International career
- 2007–2008: Spain U19 / 9 / (1)

= Sergio García (footballer, born 1989) =

Spanish footballer

Sergio García de la Iglesia (born 8 August 1989) is a Spanish footballer who plays as a forward.

He began his career at Valladolid, playing mostly in their reserves in the Segunda División B. He also represented Salamanca, Zamora, Real Oviedo and Cartagena in the same level, winning the league title with Oviedo in 2014–15.

==Club career==
===Valladolid===
Born in Zamora, Castile and León, García was a Real Valladolid youth graduate. He made his senior debut with the reserves in the 2006–07 season, in Segunda División B.
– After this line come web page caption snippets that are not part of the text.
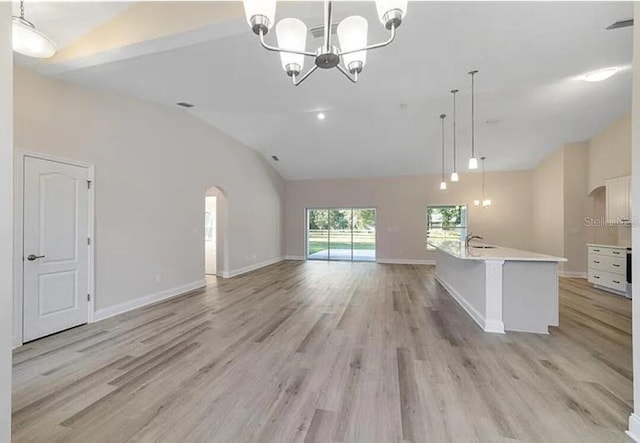 unfurnished living room with light wood finished floors, a notable chandelier, baseboards, and a sink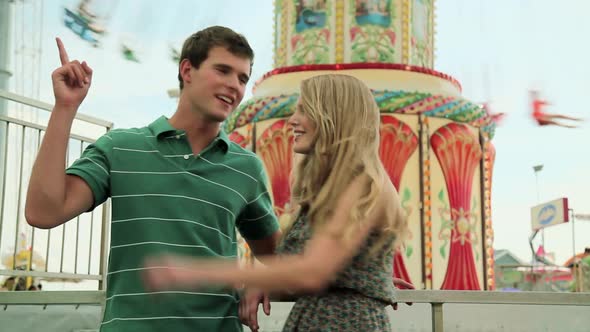 Teenage couple at fun fair, girl dragging boyfriend away alt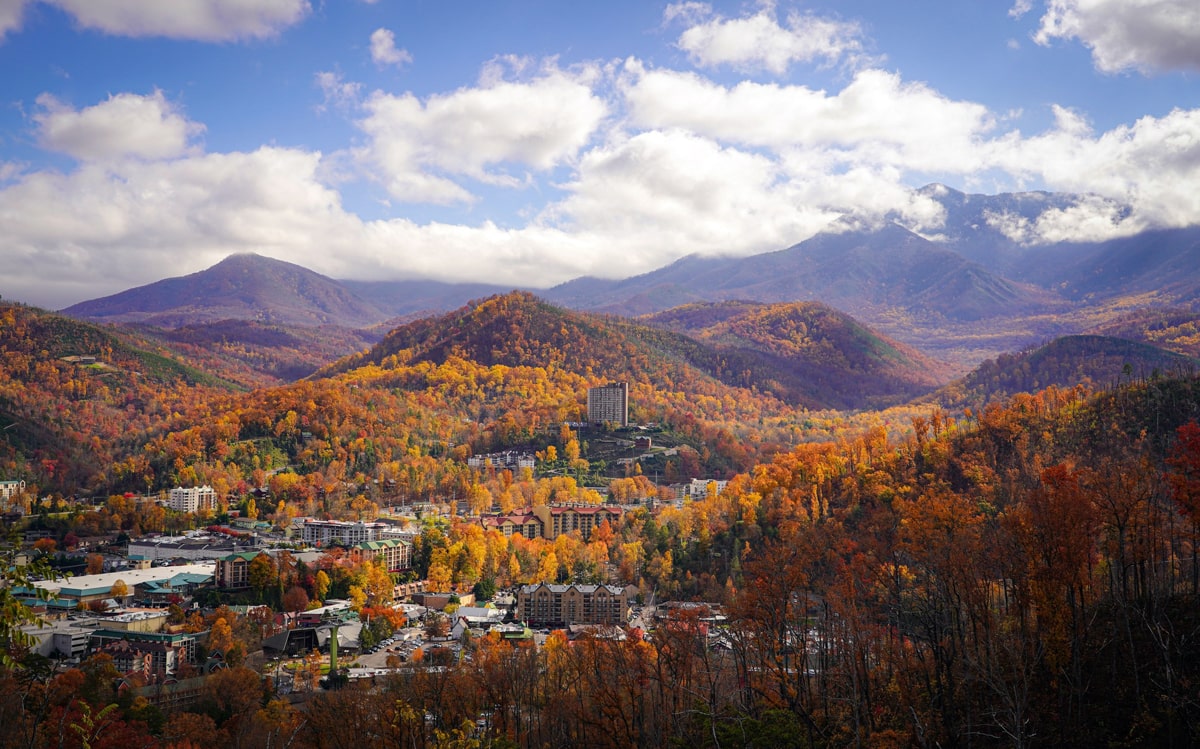 The city of Gatlinburg surrrounded by fall foliage mountains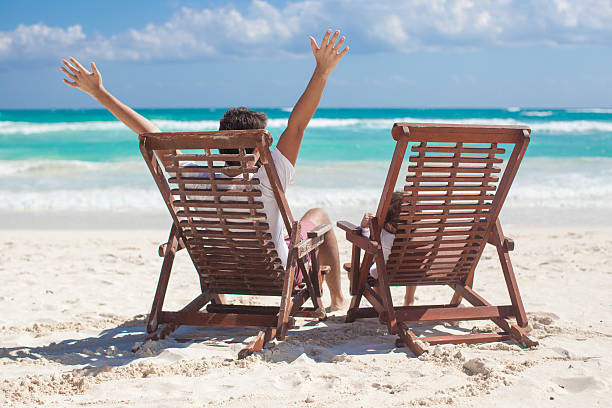 istock young father with daughter in beach chairs 176607227
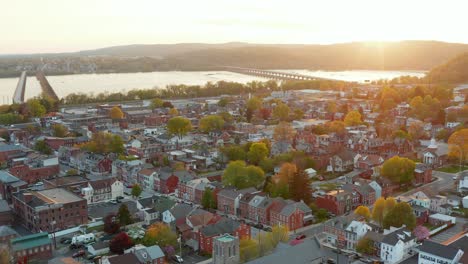 cinematic aerial of historic american city during spring sunset, sunrise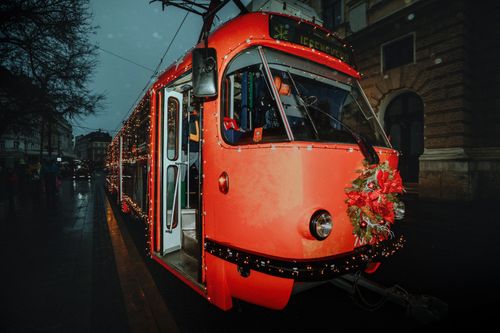 Free A bright red tram adorned with Christmas lights and wreath, captured on a rainy evening. Stock Photo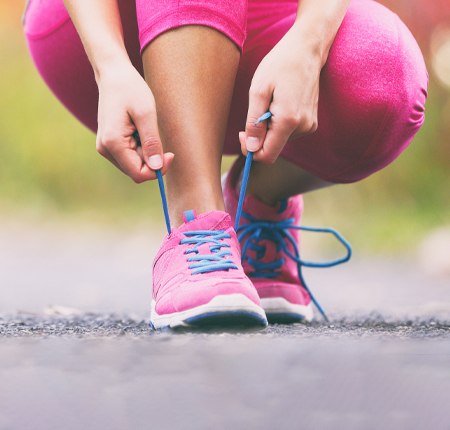 woman tying running shoe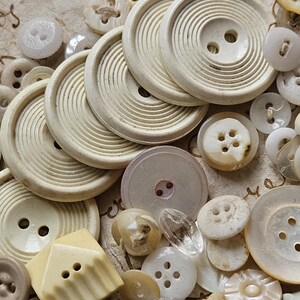 May include: A collection of vintage buttons in various shapes, sizes, and colors, including white, cream, and beige. Some buttons have a textured surface, while others are smooth. The buttons are arranged on a piece of paper with writing on it.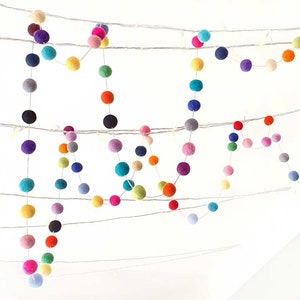 Puede incluir: Una guirnalda colorida de bolas de fieltro enhebradas en un alambre blanco. La guirnalda est&aacute; compuesta por varios colores, incluyendo rojo, naranja, amarillo, verde, azul, morado y rosa.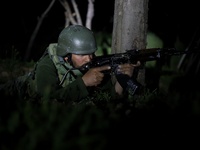 Indian army soldiers take position during Night CASO Cordon And Search Operation drill in South Kashmir's Kulgam District, Jammu and Kashmir...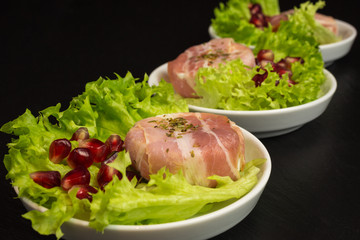 goat cheese with bacon on a frisee lettuce leaf with pomegranate as garnishing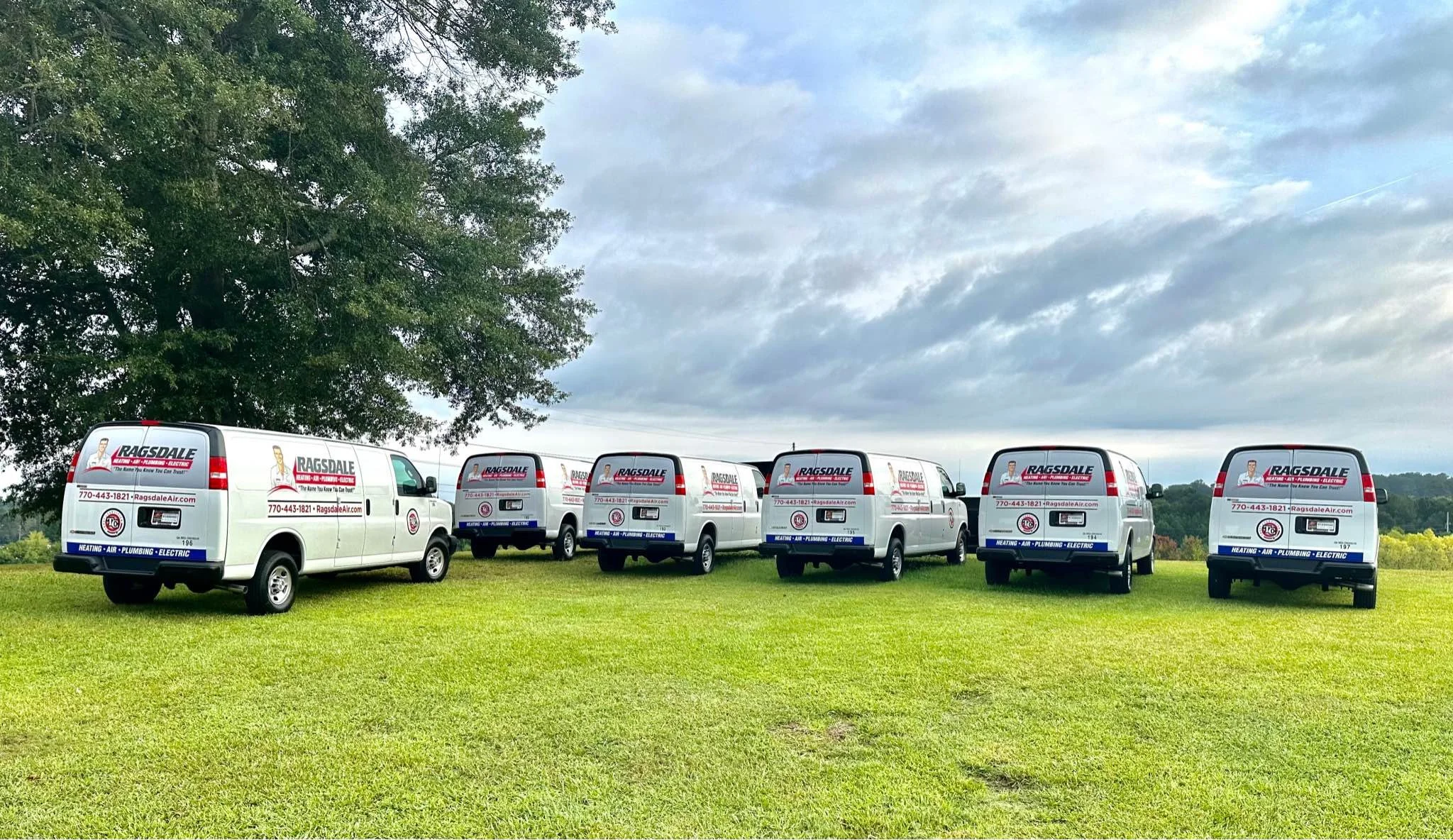 Six white service vans with company branding are parked on a grassy field under a cloudy sky, with a large tree to the left.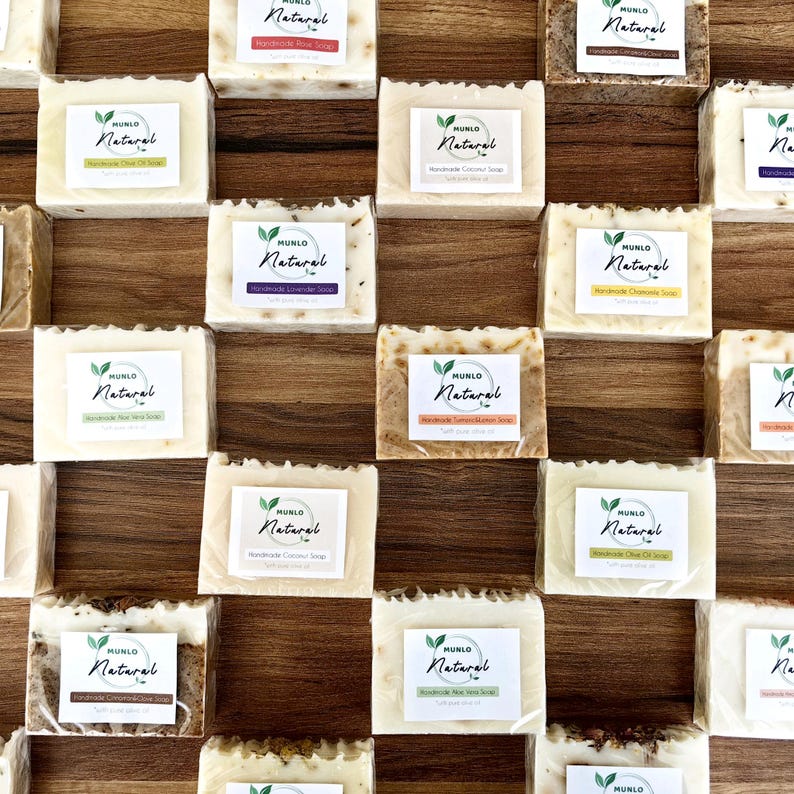 May include: A collection of 16 bars of handmade soap with various scents. The soap bars are arranged in a grid pattern on a wooden surface. Each bar has a label with the words "MUNLO Natural" and the scent of the soap.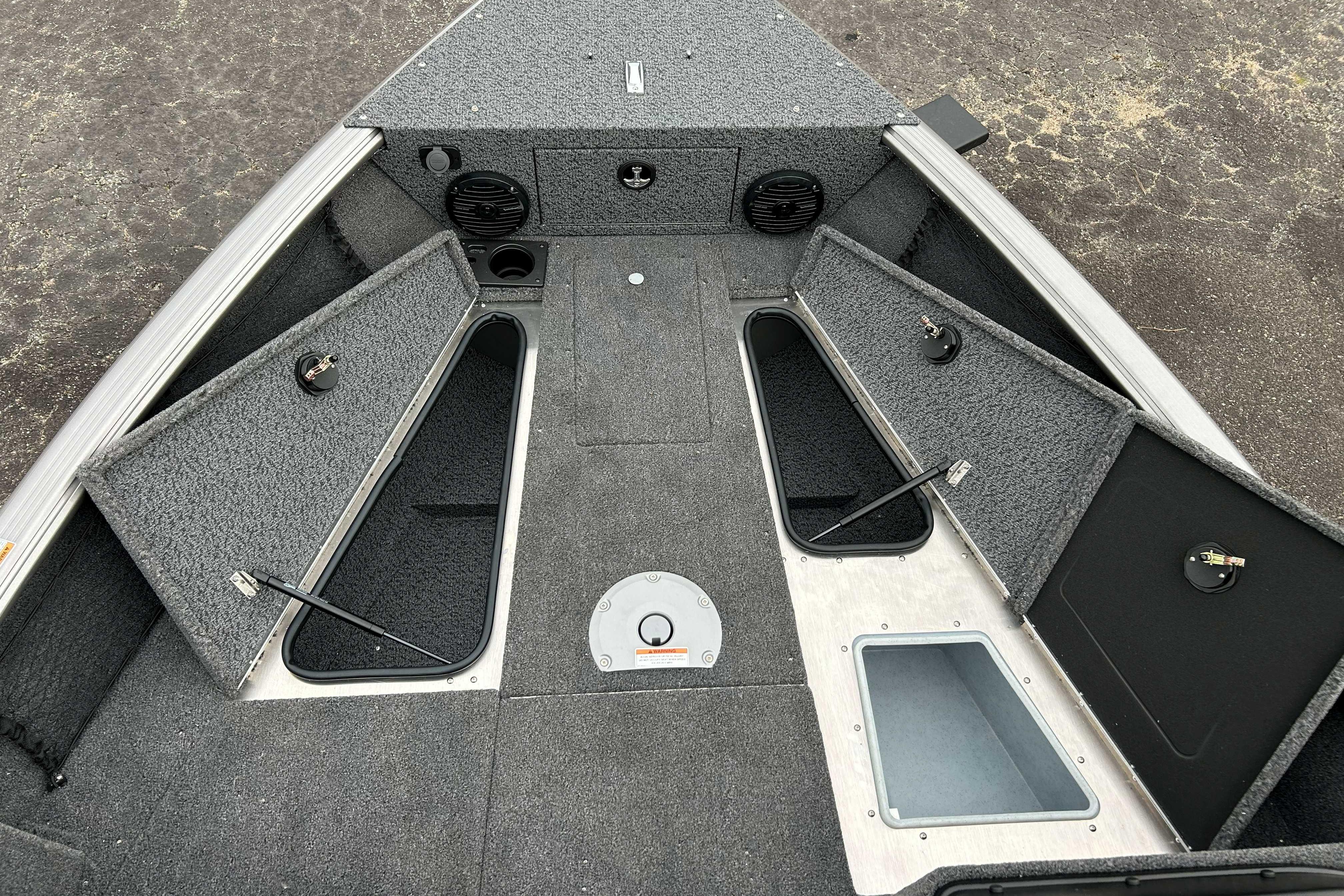 2027 Lund 1775 Impact XS boat interior with open storage compartments.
On 4 April 2010, García made his first-team – and La Liga – debut, coming on as a 34th-minute substitute for Marquitos in a 0–2 home loss to Villarreal CF. The campaign ended in relegation, and that would be his only competitive appearance with the main squad.

===Salamanca===
On 23 July 2010, García moved to Segunda División club UD Salamanca on a two-year deal. He made his official debut on 29 August, replacing Kike for the last minutes of a 1–1 home draw against Córdoba CF.

García scored his first professional goal in his only start of the season, opening the 2–2 home draw with CD Numancia on 4 June 2011. He totalled only 124 minutes of action, again experiencing relegation.

In his second year with the Charros, García recorded eight goals in 31 third-tier matches, including a brace on 5 February 2012 in a 3–2 victory over Sestao River Club at the Helmántico Stadium.

===Later years===
On 29 July 2012, free agent García moved to Zamora CF also from division three. He netted eight times during his tenure, including a brace on 23 March 2013 to give his team a lead at Real Oviedo before falling 3–2 at the end.

García joined Oviedo on 24 June 2013. He scored six goals in his first season, including twice in the 4–1 win at UD Logroñés with only 30 minutes on the field. In his second, his six successful strikes from 35 appearances helped the Asturians to secure promotion back to the second tier after thirteen years; highlights included another double in a 4–0 home rout of SD Amorebieta in the first round of the Copa del Rey, on 3 September 2014.

García returned to the third division on 27 July 2015, signing a two-year contract at FC Cartagena.